"Que s’est-il passé ?" écrit Nicole Caligaris
Ce que j’écris après la lecture du livre « Le paradis entre les jambes » de Nicole Caligaris n’est pas une critique, ni une analyse du texte, c’est mon ardeur lisant, ce sont les alchimies profondes que le livre provoque en moi, c’est ce que je sens de la narratrice, ce que je tente de dire de partageable, de ce qui semble humain et inhumain, si tant est que la frontière soit tout à fait claire.
On écrit pour que l’âme ne soit pas à vif, pour qu’elle ne présente pas ses contours sensibles au point d’être incapable de vivre dans le monde social, qu’elle se constitue une peau, même fragile, pour regarder l’innommable et tenter de lui donner forme.

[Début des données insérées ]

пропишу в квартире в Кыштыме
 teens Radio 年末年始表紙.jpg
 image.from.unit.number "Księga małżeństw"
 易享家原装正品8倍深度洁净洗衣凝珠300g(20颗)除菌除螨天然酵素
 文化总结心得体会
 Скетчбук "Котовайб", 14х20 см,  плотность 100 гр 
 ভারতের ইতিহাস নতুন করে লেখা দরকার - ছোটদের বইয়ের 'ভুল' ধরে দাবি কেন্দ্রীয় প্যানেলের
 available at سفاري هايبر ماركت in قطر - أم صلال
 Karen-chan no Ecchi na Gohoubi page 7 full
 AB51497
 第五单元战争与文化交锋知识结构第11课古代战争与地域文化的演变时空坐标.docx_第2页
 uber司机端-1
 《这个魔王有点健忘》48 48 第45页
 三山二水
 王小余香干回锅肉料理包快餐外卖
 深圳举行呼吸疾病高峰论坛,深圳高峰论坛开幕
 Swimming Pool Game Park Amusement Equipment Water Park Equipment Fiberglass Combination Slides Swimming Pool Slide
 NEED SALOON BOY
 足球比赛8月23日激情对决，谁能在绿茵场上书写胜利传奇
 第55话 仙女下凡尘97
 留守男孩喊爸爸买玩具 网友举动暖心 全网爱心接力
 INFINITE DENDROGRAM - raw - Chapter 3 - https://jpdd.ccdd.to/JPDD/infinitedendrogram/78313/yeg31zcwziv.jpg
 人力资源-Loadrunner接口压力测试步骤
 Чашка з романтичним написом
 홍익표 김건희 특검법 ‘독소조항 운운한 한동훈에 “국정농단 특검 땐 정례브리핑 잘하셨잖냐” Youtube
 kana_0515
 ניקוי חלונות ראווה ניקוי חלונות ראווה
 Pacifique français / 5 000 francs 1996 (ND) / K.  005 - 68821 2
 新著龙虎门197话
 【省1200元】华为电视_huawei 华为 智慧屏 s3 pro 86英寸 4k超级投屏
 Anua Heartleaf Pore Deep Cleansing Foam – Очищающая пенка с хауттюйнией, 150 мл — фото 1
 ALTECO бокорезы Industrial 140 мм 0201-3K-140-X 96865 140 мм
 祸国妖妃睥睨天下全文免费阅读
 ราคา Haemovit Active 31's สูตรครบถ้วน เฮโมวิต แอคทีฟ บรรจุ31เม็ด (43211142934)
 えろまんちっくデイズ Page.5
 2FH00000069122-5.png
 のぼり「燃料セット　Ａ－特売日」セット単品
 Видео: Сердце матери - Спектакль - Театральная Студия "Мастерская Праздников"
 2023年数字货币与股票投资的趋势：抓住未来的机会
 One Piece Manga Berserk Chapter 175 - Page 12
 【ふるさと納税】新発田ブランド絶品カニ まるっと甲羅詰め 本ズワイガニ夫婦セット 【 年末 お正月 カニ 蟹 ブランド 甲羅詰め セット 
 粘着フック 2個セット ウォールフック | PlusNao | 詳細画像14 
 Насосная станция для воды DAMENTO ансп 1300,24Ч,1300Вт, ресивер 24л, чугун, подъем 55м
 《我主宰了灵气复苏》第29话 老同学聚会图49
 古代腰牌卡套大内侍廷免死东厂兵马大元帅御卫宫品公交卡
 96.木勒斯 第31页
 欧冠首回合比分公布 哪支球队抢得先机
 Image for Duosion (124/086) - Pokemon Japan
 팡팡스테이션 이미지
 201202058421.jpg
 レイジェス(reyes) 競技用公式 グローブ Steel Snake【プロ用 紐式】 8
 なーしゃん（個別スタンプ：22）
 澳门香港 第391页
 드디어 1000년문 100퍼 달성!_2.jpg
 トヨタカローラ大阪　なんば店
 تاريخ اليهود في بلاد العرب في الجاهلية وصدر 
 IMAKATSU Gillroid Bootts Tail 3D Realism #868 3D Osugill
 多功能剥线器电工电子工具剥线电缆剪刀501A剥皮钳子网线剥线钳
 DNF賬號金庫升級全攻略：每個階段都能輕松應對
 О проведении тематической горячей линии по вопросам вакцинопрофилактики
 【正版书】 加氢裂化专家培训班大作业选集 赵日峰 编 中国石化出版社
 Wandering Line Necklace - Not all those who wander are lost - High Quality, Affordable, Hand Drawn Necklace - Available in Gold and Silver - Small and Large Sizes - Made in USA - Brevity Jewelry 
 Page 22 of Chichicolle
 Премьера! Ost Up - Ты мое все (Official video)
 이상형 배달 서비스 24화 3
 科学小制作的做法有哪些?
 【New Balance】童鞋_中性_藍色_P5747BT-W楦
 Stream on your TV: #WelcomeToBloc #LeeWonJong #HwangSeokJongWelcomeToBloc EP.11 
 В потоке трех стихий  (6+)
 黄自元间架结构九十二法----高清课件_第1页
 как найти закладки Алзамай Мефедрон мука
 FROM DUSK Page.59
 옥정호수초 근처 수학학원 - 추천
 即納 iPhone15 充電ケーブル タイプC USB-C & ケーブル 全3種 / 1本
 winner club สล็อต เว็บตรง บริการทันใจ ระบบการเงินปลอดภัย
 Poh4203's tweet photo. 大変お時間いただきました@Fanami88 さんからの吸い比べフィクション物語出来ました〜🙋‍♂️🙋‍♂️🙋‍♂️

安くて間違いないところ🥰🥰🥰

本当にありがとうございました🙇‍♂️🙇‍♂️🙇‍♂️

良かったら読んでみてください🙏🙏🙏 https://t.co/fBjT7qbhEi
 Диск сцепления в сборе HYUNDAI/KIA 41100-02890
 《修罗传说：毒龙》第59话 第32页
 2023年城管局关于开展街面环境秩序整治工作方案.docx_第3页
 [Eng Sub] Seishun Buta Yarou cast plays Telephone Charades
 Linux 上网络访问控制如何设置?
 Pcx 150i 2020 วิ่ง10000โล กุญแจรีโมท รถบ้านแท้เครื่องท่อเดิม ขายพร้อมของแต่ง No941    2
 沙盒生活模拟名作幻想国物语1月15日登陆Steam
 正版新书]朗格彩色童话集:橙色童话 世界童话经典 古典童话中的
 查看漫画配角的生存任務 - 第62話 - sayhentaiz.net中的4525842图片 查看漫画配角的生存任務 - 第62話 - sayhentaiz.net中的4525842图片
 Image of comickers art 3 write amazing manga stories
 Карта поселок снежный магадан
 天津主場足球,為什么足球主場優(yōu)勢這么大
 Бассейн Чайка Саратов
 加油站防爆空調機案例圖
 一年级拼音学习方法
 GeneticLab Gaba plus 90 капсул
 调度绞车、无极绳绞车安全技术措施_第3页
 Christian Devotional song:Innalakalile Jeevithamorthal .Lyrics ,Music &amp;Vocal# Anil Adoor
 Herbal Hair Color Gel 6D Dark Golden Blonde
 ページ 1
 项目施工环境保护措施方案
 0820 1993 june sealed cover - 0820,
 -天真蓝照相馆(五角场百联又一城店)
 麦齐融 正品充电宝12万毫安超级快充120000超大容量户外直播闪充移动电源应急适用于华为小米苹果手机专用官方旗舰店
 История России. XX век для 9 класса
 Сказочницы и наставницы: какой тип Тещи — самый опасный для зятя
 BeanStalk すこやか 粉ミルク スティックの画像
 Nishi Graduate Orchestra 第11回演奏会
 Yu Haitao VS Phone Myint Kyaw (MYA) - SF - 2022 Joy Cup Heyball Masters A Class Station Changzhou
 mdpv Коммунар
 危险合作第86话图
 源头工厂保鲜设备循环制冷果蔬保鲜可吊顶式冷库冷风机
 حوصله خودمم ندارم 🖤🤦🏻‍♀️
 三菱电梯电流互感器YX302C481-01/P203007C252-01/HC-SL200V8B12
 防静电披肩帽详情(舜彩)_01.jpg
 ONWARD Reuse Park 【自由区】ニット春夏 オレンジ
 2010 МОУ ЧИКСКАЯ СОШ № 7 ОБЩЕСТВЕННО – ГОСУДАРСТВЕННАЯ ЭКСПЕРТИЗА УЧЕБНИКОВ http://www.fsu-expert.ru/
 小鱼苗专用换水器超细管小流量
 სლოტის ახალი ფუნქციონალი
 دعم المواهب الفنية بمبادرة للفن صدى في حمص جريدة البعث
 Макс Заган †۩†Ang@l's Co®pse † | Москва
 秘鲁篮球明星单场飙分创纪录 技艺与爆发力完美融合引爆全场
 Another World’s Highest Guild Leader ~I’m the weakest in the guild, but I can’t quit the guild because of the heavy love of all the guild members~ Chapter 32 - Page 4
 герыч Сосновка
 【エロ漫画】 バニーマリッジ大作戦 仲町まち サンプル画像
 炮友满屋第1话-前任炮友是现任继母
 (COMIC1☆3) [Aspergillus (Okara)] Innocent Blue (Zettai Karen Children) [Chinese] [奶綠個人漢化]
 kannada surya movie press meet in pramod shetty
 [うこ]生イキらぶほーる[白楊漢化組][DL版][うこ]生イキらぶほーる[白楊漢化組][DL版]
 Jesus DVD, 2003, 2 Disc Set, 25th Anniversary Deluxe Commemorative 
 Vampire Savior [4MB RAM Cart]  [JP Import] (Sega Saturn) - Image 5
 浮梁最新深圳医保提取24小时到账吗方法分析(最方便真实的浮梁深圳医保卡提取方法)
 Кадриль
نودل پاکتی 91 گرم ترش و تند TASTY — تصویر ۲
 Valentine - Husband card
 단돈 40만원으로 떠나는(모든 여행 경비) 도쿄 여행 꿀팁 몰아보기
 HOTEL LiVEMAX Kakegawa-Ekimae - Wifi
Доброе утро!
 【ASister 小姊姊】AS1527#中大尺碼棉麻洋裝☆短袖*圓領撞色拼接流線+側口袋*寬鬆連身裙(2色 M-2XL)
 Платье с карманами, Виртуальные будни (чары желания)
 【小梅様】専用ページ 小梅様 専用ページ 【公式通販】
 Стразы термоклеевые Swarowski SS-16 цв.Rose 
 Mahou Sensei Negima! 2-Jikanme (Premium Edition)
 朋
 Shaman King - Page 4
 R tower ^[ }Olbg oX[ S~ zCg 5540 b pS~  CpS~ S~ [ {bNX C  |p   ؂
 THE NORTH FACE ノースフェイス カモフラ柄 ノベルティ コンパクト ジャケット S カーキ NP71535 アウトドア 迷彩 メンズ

On lit au risque que le texte nous bouleverse et nous altère ; et certains livres nous ravissent continument, à notre insu ils contaminent nos vies longtemps ; certains livres tricotent sans cesse en nous des questions et des phrases innombrables, sans fin.
Lireécrire, sont ensemble vécus, au risque de la folie, mais justement non puisque Lireécrire dénoue la répétition, jamais ne reconduit au même, Lireécrire invente. Peut-être ce qu’Avital Ronell appelle le « killer-text ».
Quand Nicole Caligaris écrit un fait terrible qui l’a concernée à un moment de sa vie, dans sa jeunesse, ces années des débuts de littérature, de vie, d’amour, elle examine ce qui a fait son rapport au monde, de quoi elle est faite, ce qui a pu déterminer ses choix, ses décisions de vie et d’écriture. Elle entre dans une écriture personnelle. Ecrire en son nom propre, écrire « de soi » sans s’afficher, écrire sur soi et concerner le lecteur au plus intime de lui-même, c’est la littérature.
La narratrice raconte une histoire mais ne la raconte pas ; les questions sont écrites mais pas toutes ; le texte dénoue sans dénouement ; le texte est une fiction mais n’invente pas, au contraire il traque tout ce qui peut faire vérité ; il rejette les commentaires sur les faits, les documents de justice ; il n’enquête pas. La narratrice veut regarder en face un texte qui est en train de s’écrire par un auteur qui a vécu près d’un fait terrible il y a 30 ans.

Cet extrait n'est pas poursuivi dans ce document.